# [PROBLEM REQUIREMENTS]
I would like the entries transcribed word for word, please, with the pictures removed.
BEGIN
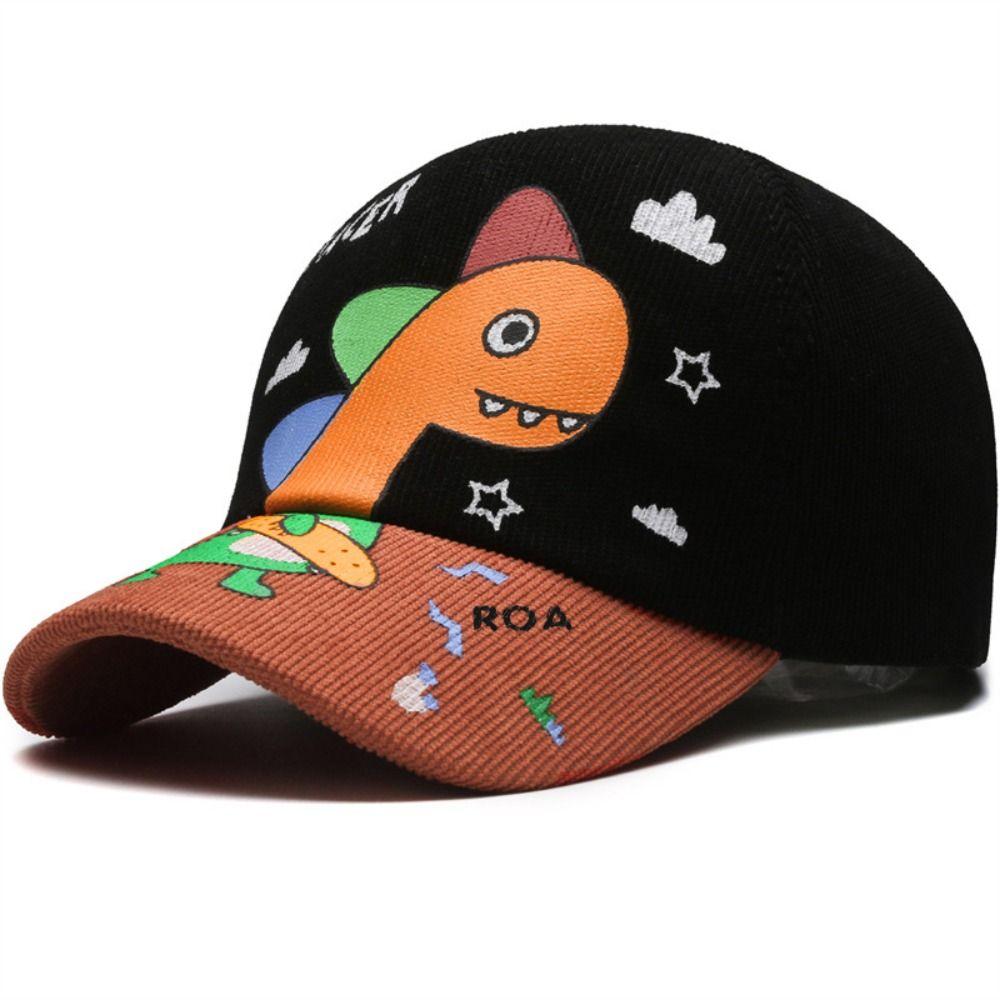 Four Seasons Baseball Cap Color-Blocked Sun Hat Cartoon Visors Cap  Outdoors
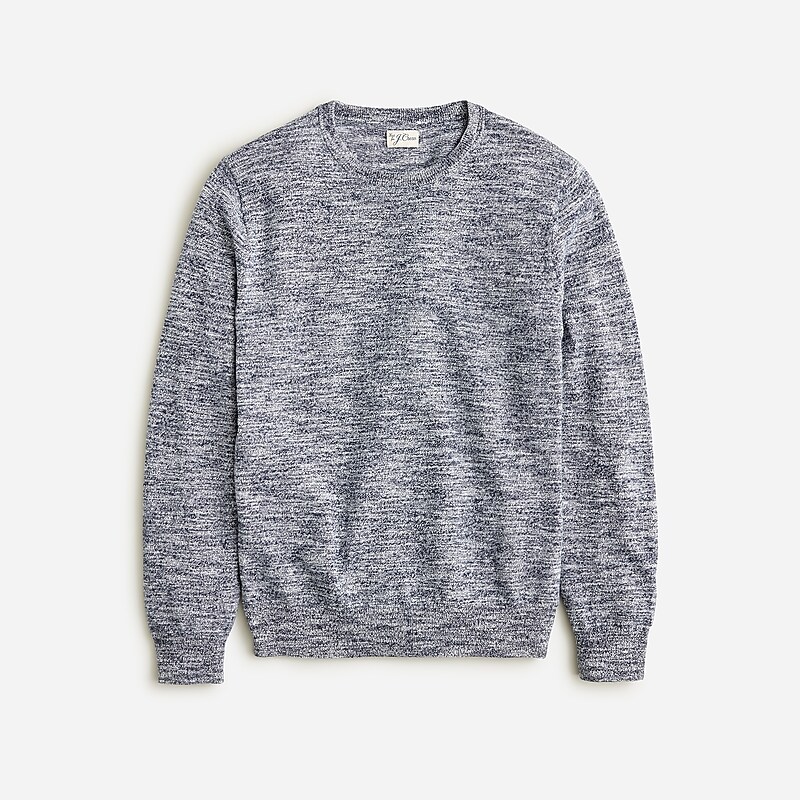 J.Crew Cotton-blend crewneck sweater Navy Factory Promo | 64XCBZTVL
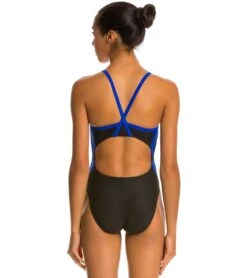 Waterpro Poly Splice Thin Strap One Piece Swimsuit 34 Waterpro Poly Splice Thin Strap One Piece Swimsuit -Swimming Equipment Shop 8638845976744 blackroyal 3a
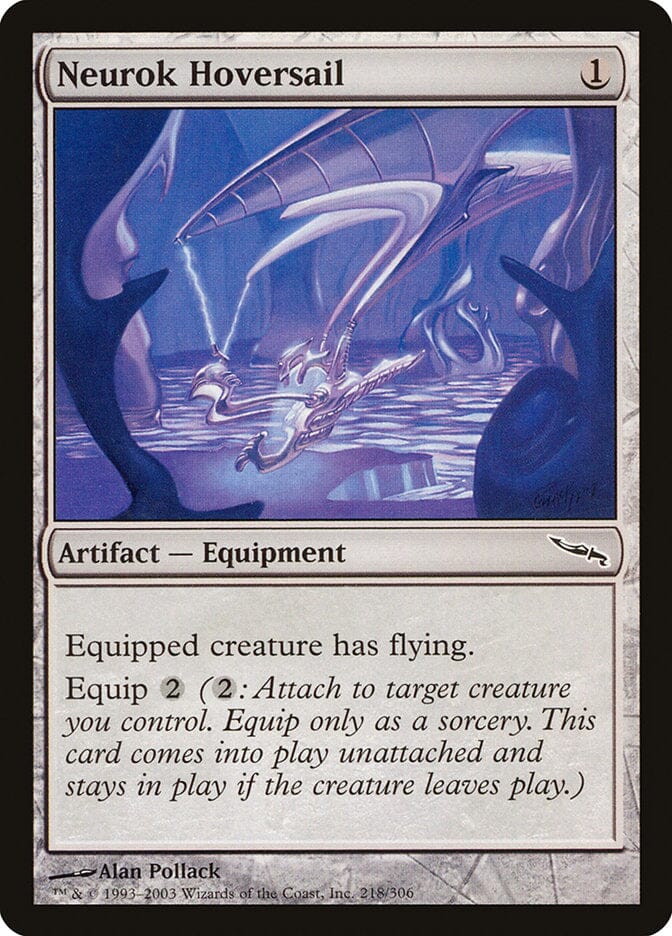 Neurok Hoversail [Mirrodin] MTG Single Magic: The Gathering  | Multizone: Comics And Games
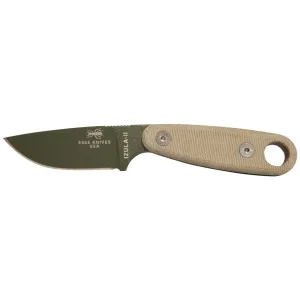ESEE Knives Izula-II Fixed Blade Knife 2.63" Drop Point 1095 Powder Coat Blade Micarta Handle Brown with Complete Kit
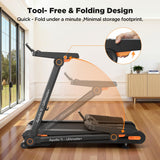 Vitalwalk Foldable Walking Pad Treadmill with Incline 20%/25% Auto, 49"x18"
END
# [EXERCISE OUTPUT]
 Four Seasons Baseball Cap Color-Blocked Sun Hat Cartoon Visors Cap  Outdoors
 J.Crew Cotton-blend crewneck sweater Navy Factory Promo | 64XCBZTVL
 Waterpro Poly Splice Thin Strap One Piece Swimsuit 34 Waterpro Poly Splice Thin Strap One Piece Swimsuit -Swimming Equipment Shop 8638845976744 blackroyal 3a
 Neurok Hoversail [Mirrodin] MTG Single Magic: The Gathering  | Multizone: Comics And Games
ESEE Knives Izula-II Fixed Blade Knife 2.63" Drop Point 1095 Powder Coat Blade Micarta Handle Brown with Complete Kit
 Vitalwalk Foldable Walking Pad Treadmill with Incline 20%/25% Auto, 49"x18"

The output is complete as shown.